• TASK INSTRUCTIONS
No record may be left out; print them all verbatim.

Dataset items:
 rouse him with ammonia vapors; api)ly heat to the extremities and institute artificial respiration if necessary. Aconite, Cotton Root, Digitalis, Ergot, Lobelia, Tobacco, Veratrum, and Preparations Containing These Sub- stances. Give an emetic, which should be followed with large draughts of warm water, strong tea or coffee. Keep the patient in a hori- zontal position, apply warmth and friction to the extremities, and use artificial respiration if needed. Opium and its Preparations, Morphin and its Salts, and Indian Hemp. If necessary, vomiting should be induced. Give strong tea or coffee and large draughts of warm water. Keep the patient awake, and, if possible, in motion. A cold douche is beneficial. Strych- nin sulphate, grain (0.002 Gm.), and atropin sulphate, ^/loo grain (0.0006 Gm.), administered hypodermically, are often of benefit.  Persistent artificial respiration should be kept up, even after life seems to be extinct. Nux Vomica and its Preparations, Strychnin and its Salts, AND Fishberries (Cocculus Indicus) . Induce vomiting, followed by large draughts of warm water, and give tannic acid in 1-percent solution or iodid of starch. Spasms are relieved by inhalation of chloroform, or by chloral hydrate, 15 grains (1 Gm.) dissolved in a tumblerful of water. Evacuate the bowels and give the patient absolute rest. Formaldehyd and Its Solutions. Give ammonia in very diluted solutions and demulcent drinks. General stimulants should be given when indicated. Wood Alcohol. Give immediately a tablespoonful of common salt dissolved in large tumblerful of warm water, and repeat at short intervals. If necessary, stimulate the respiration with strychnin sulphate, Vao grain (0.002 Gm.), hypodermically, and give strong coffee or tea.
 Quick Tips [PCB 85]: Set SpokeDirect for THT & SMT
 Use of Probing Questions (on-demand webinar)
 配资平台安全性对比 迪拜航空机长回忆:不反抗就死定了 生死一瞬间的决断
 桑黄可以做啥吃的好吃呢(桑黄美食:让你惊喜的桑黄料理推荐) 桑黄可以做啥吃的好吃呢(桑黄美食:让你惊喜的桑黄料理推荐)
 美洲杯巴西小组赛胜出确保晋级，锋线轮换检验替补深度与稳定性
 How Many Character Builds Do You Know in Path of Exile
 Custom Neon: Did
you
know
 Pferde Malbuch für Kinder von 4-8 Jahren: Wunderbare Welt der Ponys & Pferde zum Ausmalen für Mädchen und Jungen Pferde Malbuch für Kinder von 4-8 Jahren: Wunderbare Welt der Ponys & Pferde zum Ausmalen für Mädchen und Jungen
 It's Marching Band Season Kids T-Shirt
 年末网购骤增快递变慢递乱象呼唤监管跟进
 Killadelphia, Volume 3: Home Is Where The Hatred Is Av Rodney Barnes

• RESPONSE TO THIS TASK
 rouse him with ammonia vapors; api)ly heat to the extremities and institute artificial respiration if necessary. Aconite, Cotton Root, Digitalis, Ergot, Lobelia, Tobacco, Veratrum, and Preparations Containing These Sub- stances. Give an emetic, which should be followed with large draughts of warm water, strong tea or coffee. Keep the patient in a hori- zontal position, apply warmth and friction to the extremities, and use artificial respiration if needed. Opium and its Preparations, Morphin and its Salts, and Indian Hemp. If necessary, vomiting should be induced. Give strong tea or coffee and large draughts of warm water. Keep the patient awake, and, if possible, in motion. A cold douche is beneficial. Strych- nin sulphate, grain (0.002 Gm.), and atropin sulphate, ^/loo grain (0.0006 Gm.), administered hypodermically, are often of benefit.  Persistent artificial respiration should be kept up, even after life seems to be extinct. Nux Vomica and its Preparations, Strychnin and its Salts, AND Fishberries (Cocculus Indicus) . Induce vomiting, followed by large draughts of warm water, and give tannic acid in 1-percent solution or iodid of starch. Spasms are relieved by inhalation of chloroform, or by chloral hydrate, 15 grains (1 Gm.) dissolved in a tumblerful of water. Evacuate the bowels and give the patient absolute rest. Formaldehyd and Its Solutions. Give ammonia in very diluted solutions and demulcent drinks. General stimulants should be given when indicated. Wood Alcohol. Give immediately a tablespoonful of common salt dissolved in large tumblerful of warm water, and repeat at short intervals. If necessary, stimulate the respiration with strychnin sulphate, Vao grain (0.002 Gm.), hypodermically, and give strong coffee or tea.
 Quick Tips [PCB 85]: Set SpokeDirect for THT & SMT
 Use of Probing Questions (on-demand webinar)
 配资平台安全性对比 迪拜航空机长回忆:不反抗就死定了 生死一瞬间的决断
 桑黄可以做啥吃的好吃呢(桑黄美食:让你惊喜的桑黄料理推荐) 桑黄可以做啥吃的好吃呢(桑黄美食:让你惊喜的桑黄料理推荐)
 美洲杯巴西小组赛胜出确保晋级，锋线轮换检验替补深度与稳定性
 How Many Character Builds Do You Know in Path of Exile
 Custom Neon: Did
you
know
 Pferde Malbuch für Kinder von 4-8 Jahren: Wunderbare Welt der Ponys & Pferde zum Ausmalen für Mädchen und Jungen Pferde Malbuch für Kinder von 4-8 Jahren: Wunderbare Welt der Ponys & Pferde zum Ausmalen für Mädchen und Jungen
 It's Marching Band Season Kids T-Shirt
 年末网购骤增快递变慢递乱象呼唤监管跟进
 Killadelphia, Volume 3: Home Is Where The Hatred Is Av Rodney Barnes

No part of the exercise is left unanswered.